Reporter: Hans Henricus |
JAKARTA. Pemerintah segera mengembalikan ribuan ton ikan ilegal yang menumpuk di Tanjung Priok ke negara asal. Menteri Kelautan dan Perikanan Fadel Muhammad berjanji pengembalian itu bergulir awal April ini.
Fadel bilang mulai tanggal 6 dan 7 April nanti. "Kita kirim pulang, tanggal 6, tanggal 7 kontainer berangkat," ujar Fadel usai pembukaan rapat pimpinan Kadin, Jumat (1/4).
Dengan demikian, bulan ini tidak ada lagi kontainer berisi ikan ilegal di pelabuhan Tanjung Priok. "Akan bersih segera ," janji mantan Gubernur Gorontalo itu.
Sebagai informasi, pengawasan terhadap impor ikan mengacu pada Peraturan Menteri Kelautan dan Perikanan nomor 17 tahun 2010 tentang pengendalian mutu dan keamanan hasil perikanan yang diimpor ke Indonesia. Tujuannya mengendalikan impor ikan lantaran banyak impor ikan beku tanpa izin untuk perdagangan dan konsumsi di dalam negeri.

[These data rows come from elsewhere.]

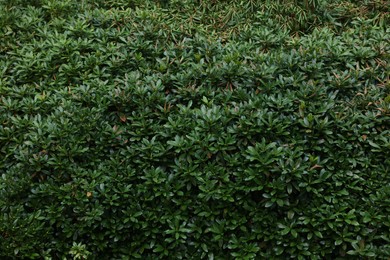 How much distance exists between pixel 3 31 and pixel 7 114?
51.7 inches

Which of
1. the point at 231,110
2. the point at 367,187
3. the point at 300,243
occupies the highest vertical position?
the point at 231,110

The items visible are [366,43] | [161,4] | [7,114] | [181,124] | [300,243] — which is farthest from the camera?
[161,4]

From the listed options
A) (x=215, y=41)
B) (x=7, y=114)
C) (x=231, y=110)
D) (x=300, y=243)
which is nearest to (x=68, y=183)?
(x=7, y=114)

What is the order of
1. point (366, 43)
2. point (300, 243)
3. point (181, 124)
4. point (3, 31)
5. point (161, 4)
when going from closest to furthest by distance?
point (300, 243)
point (181, 124)
point (366, 43)
point (3, 31)
point (161, 4)

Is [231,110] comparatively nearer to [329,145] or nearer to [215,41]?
[329,145]

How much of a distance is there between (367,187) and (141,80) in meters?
1.92

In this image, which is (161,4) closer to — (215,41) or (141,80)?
(215,41)

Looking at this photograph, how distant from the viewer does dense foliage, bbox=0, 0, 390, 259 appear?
11.4 feet

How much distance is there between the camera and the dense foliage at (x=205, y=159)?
3.46 metres

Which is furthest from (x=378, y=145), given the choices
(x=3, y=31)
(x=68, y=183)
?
(x=3, y=31)

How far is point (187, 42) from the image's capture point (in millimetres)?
4574

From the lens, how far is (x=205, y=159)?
358cm

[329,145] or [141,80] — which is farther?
[141,80]

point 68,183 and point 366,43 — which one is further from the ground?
point 366,43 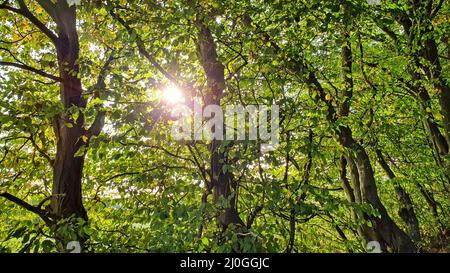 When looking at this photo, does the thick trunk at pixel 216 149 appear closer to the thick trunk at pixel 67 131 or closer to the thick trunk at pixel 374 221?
the thick trunk at pixel 67 131

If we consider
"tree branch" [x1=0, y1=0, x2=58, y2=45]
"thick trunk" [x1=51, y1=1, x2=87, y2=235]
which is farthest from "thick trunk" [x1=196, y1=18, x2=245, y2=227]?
"tree branch" [x1=0, y1=0, x2=58, y2=45]

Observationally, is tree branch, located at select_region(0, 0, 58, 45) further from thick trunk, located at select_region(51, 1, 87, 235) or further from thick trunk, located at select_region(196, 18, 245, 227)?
thick trunk, located at select_region(196, 18, 245, 227)

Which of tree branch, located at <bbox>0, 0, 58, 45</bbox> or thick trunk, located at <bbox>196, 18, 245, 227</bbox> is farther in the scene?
tree branch, located at <bbox>0, 0, 58, 45</bbox>

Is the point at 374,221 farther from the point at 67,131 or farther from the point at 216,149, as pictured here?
the point at 67,131

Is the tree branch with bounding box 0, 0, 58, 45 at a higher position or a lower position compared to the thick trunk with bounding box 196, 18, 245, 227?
higher

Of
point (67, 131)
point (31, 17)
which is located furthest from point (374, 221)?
point (31, 17)

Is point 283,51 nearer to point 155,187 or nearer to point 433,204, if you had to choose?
point 155,187

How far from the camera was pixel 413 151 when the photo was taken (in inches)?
457

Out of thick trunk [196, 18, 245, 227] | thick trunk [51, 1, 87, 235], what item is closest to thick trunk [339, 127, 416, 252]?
thick trunk [196, 18, 245, 227]

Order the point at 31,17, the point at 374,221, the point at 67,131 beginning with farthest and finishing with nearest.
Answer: the point at 374,221
the point at 67,131
the point at 31,17

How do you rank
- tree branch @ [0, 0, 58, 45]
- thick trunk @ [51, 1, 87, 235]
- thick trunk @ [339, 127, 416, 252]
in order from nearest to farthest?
1. tree branch @ [0, 0, 58, 45]
2. thick trunk @ [51, 1, 87, 235]
3. thick trunk @ [339, 127, 416, 252]

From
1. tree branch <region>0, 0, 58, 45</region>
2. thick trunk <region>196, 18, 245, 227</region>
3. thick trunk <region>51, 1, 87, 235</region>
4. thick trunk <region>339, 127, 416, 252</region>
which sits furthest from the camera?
thick trunk <region>339, 127, 416, 252</region>

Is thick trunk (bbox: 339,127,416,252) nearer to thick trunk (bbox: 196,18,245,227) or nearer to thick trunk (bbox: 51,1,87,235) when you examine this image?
thick trunk (bbox: 196,18,245,227)
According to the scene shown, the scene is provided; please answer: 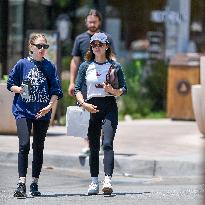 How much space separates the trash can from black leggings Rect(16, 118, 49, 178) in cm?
762

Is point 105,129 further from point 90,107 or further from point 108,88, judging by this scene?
point 108,88

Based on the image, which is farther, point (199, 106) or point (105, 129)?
point (199, 106)

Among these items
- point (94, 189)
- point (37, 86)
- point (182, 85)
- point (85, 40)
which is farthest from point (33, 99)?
point (182, 85)

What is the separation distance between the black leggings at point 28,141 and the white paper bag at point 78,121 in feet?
1.30

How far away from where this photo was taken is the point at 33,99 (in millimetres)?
9672

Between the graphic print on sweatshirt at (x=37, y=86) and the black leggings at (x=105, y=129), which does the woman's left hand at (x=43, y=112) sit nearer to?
the graphic print on sweatshirt at (x=37, y=86)

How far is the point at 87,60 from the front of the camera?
10031 mm

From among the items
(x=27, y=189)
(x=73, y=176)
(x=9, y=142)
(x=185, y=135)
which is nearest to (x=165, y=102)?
(x=185, y=135)

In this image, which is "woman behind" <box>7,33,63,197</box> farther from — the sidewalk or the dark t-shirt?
the sidewalk

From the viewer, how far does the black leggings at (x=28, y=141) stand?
9609mm

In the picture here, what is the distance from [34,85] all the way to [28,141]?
0.54 m

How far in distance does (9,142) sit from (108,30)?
22.8ft

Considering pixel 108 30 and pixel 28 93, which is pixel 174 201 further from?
pixel 108 30

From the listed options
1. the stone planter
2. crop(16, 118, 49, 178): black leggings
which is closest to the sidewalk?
the stone planter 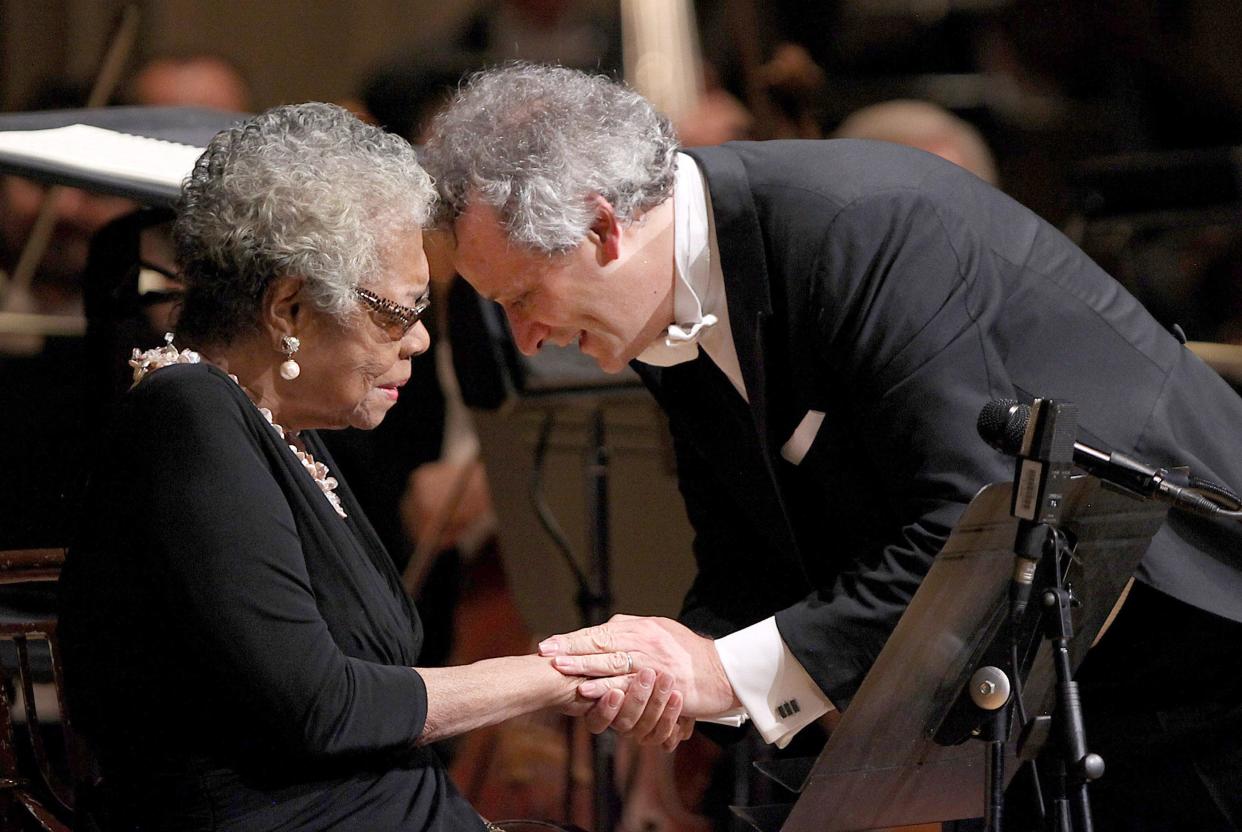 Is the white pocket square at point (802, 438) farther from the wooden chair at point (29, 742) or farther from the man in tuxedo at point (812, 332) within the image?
the wooden chair at point (29, 742)

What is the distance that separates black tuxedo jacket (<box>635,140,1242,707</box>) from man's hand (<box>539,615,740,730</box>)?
14cm

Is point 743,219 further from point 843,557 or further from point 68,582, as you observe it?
point 68,582

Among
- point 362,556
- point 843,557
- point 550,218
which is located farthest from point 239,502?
point 843,557

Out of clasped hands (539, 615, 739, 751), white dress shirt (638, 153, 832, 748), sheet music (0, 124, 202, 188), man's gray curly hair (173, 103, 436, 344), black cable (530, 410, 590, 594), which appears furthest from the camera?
black cable (530, 410, 590, 594)

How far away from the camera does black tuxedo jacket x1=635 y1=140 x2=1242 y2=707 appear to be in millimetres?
2059

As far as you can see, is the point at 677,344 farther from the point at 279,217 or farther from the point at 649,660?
the point at 279,217

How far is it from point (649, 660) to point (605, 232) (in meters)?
0.62

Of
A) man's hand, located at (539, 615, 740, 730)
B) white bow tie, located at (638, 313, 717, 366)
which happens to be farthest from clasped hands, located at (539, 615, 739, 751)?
white bow tie, located at (638, 313, 717, 366)

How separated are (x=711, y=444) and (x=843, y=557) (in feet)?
0.92

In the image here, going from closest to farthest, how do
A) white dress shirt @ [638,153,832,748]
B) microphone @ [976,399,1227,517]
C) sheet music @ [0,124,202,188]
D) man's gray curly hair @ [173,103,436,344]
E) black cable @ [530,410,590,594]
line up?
microphone @ [976,399,1227,517] < man's gray curly hair @ [173,103,436,344] < white dress shirt @ [638,153,832,748] < sheet music @ [0,124,202,188] < black cable @ [530,410,590,594]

Pada 21 Maret lalu, Fadel berkunjung ke pelabuhan Tanjung Priok. Hasilnya, terdapat 15 kontainer atau setara 5300 ton ikan impor ilegal lantaran tidak memiliki dokumen resmi.
Ikan impor itu berasal dari China, Thailand, Vietnam, dan Pakistan. Cuma, sebagian besar barang impor itu adalah ikan kembung yang umumnya tersebar di kawasan perairan Indonesia.
Fadel menambahkan, pemerintah memang sedang menggalakkan investasi di sektor perikanan. Tapi, tidak mengizinkan impor-impor ikan kecuali memiliki izin resmi. Adapun ikan impor yang diizinkan antara lain jenis salmon, kamachi dan kampachi yang dipakai untuk bahan baku makanan di restoran.